Beast Or Man? was originally released in the U.K. in 1930 by the publisher Cecil Palmer, featuring a cover by one Beresford Egan that inappropriately depicted the book’s simian general as a redheaded, Mr. Spock-eared, vampire-toothed demon. Sadly, M’Guire’s novel would then go OOPs (out of prints) for almost 80 years, till the fine folks at Ramble House elected to resurrect it in 2009 – the very first book bearing its Dancing Tuatara Press imprint – thus making it easily obtainable for a new generation to marvel at. Featuring another wonderfully informative introduction by John Pelan – which compares it quite favorably to the thousands of other novels in the Haggardian lost-race genre – as well as an entirely appropriate piece of cover art by the Australia-based illustrator Gavin O’Keefe, the book is a very fine addition to this enterprising publisher’s ever-expanding catalog of unusual fiction.
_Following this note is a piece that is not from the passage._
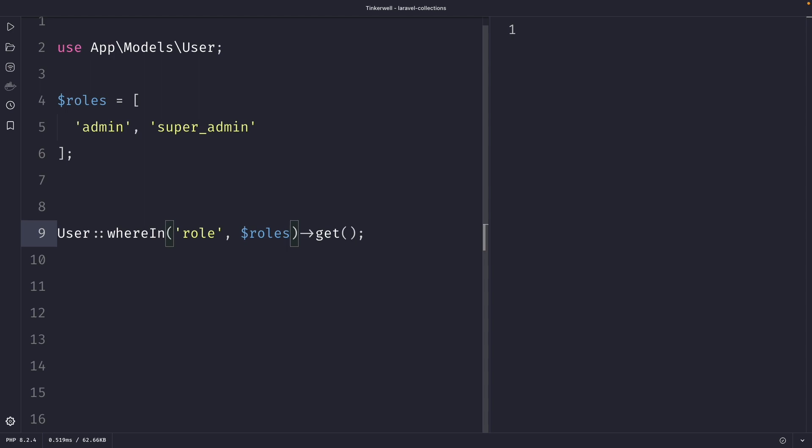Quick summary of our example right here. We are using the whereIn method to find all the users that have a role of admin or super_admin.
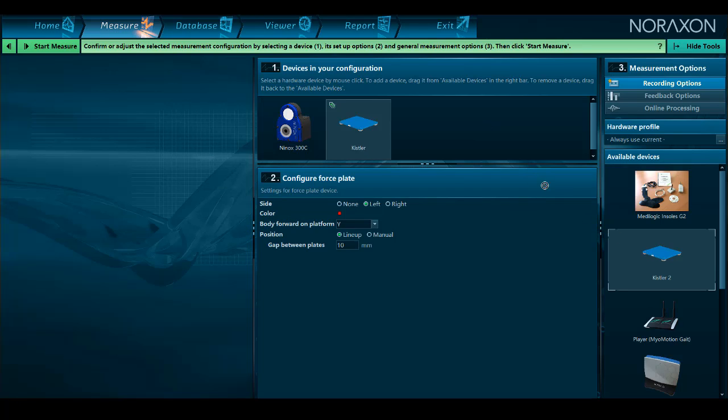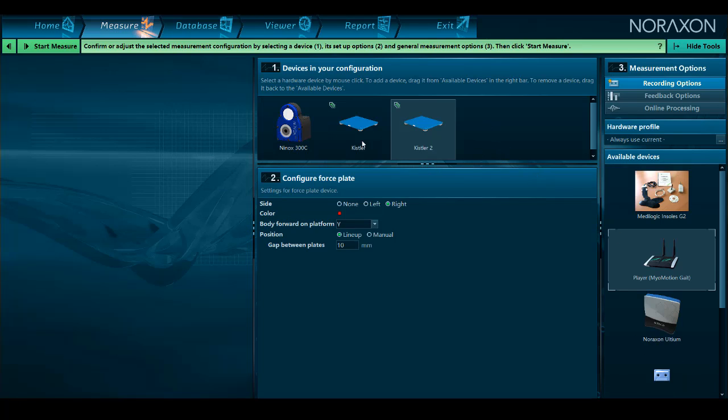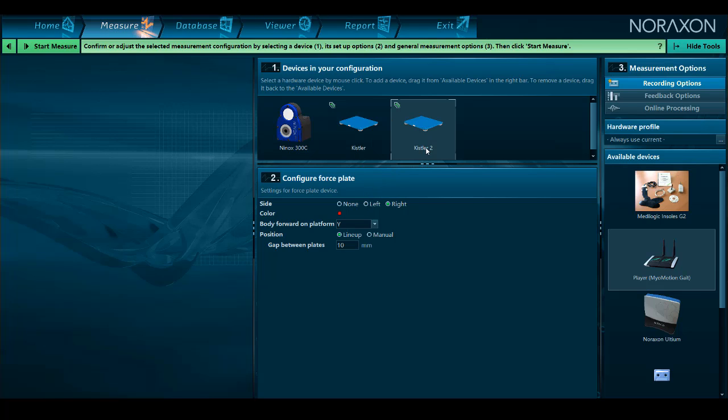For now, we will configure each plate as left or right but leave the body position as is and enter the measurement window.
Before proceeding on with some thoughts about the novel, a brief word on Sean M’Guire himself … very brief, I’m afraid. Other than the fact that the author was British and released two novels during the course of his lifetime – and incidentally, I am only assuming that Sean M’Guire was a male, that name just as likely as not being a pseudonym – nothing can be found on the Google machine relating to his life story. His first novel was the intriguingly titled lost-world affair Spider Island, which was released in either 1928 or 1929; sources vary. Beast Or Man?, his second novel, thus appears to have brought down the curtain on his writing career, and that is a real pity, as my recent reading has revealed the book to be an absolutely smashing and intelligent lost-race/jungle-adventure novel with a lot more on its mind than mere thrills and chills. To be succinct, I really loved this one!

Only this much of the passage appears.